La Julia Rhea (March 16, 1898 – July 5, 1992) was an American operatic soprano.

==Biography==

===Early life and career===
Rhea was born and raised in Louisville, Kentucky and began singing publicly at the Hill Street Baptist Church of that city, where she was a member of the children's choir. In 1925, she went to Chicago and became a member of the R. Nathaniel Dett Club of Music and Allied Arts and attended and graduated from Chicago Musical College.
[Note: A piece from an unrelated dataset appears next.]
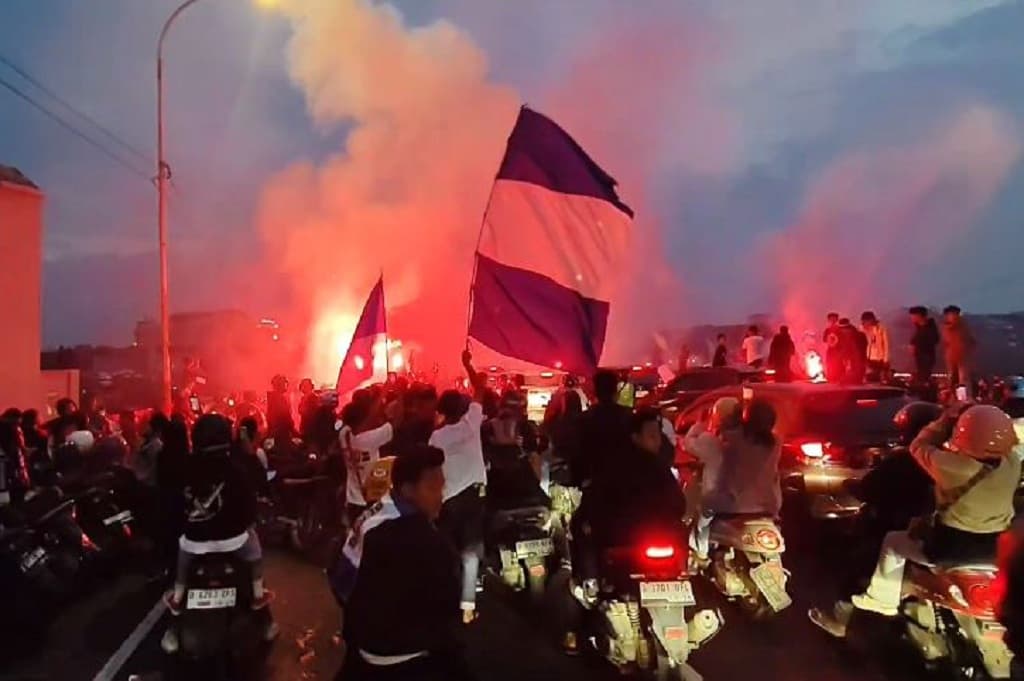 Ribuan Bobotoh Padati Flyover Pasupati, Rayakan Persib Juara Liga 3 Kali Beruntun Ribuan Bobotoh Padati Flyover Pasupati, Rayakan Persib Juara Liga 3 Kali Beruntun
Her professional debut was at Chicago's Kimball Hall in 1929, and she continued to make regular concert performances across the United States as she studied operatic roles in a period that lasted more than two decades.

===Notable appearances===
After a performance of "O Don Fatale" from Giuseppe Verdi's Don Carlos for the Dett Club Scholarship Fund at Pittsburgh's Grace Presbyterian Church in 1927, the columnist Sylvester Russell had this to say, "As a vocalist... Madam Rhea is a genuine contralto of wonderful range and power, hardly excelled in richness and as the star of the occasion she occupies a place among the greatest human voices produced." In the early 1930s, Rhea toured the country with Ethel Waters in the stage production of Rhapsody in Black, and was for a time the feature soloist of the Cecil Mack Choir.
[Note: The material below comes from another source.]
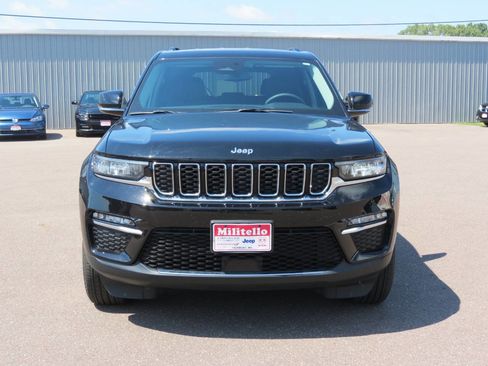 Used 2023 Jeep Grand Cherokee Limited image 9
At a time when black performers found it difficult to appeal to a wider audience, Rhea was presented by her teacher Romano Romani to the executive staff of the Metropolitan Opera where in 1934, she became the "first person of her race to be granted an audition at the famous opera house." Although she was "highly praised for her artistic presentation," the Met would wait until 1955 when Marian Anderson would become its first black star.

After her performance on May 13, 1935 as the character Josephine in Gilbert and Sullivan's H.M.S. Pinafore, Rhea won over 6,000 votes from the audience and became the first black winner of an audition of the Major Bowes Amateur Hour, and toured with the group under the name Rea Parada.
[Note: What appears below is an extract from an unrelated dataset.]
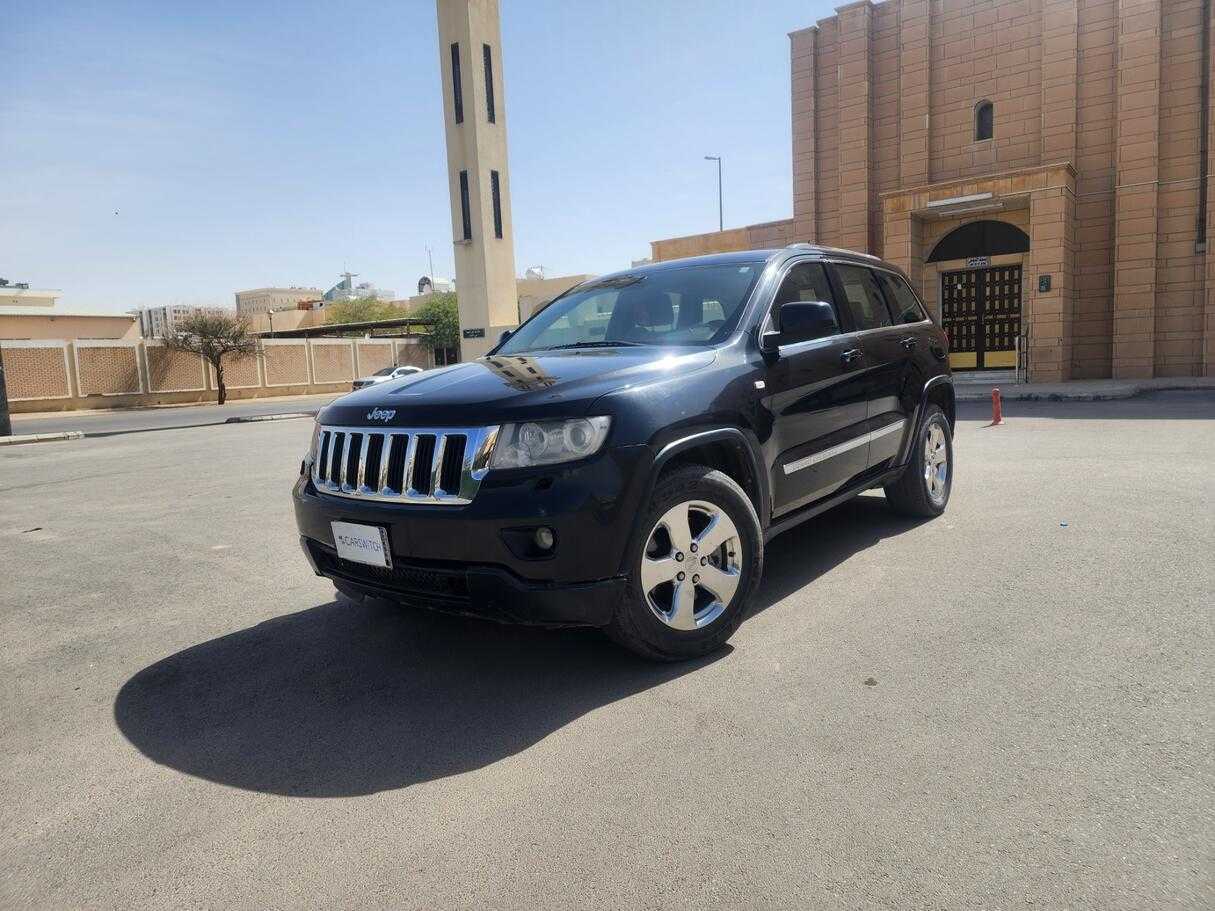 2013 Jeep Grand Cherokee Limited 5.7L Rental-pic_1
Her experience at the Met notwithstanding, Rhea became the first black performer to star in "the title role of a major opera company" when in Chicago on December 26, 1937 she appeared in Verdi's Aida with William Franklin as Amonasro in a performance of the Chicago Civic Opera Company. In attendance for the performance was the drama critic for the Chicago Tribune Cecil Smith, who commented: "A musical event without parallel in grand opera in America took place at the Civic Opera House last night when two colored singers, La Julia Rhea and William Franklin, sang the Ethiopian roles of Aida and Amonasro in a special performance of Aida ... Both singers won a goodly success and were warmly applauded."'. The costume Rhea wore for that performance was a gift from her teacher and mentor, the internationally renowned opera star Rosa Raisa, who had herself worn it at her debut performance of Aida in 1914. Both Rhea and Franklin appeared in productions of the National Negro Opera Company (NNOC), as well as in operettas by Gilbert and Sullivan. The production of Aida in which Rhea made the inaugural performance of the National Negro Opera Company in 1941, was organized by the NNOC Guild as part of Pittsburgh's National Association of Negro Musicians annual meeting. Mary Cardwell Dawson was the one who organized the event.

In 1942, she appeared with Chicago Mayor Edward J. Kelly, Olivia de Havilland, Marian Anderson, Oscar G. Mayer, Sr. and other presenters at the International Amphitheatre in Chicago to sell bonds during World War II under the auspices of the Chicago Musical War Rally.

===Later life===
After she no longer gave public performances, Rhea continued her involvement in the world of opera by giving private lessons to young opera hopefuls at her home in Blue Island, Illinois where she was known for her annual lawn parties that were attended by musicians from across the country. She also appeared from time to time over the public airwaves.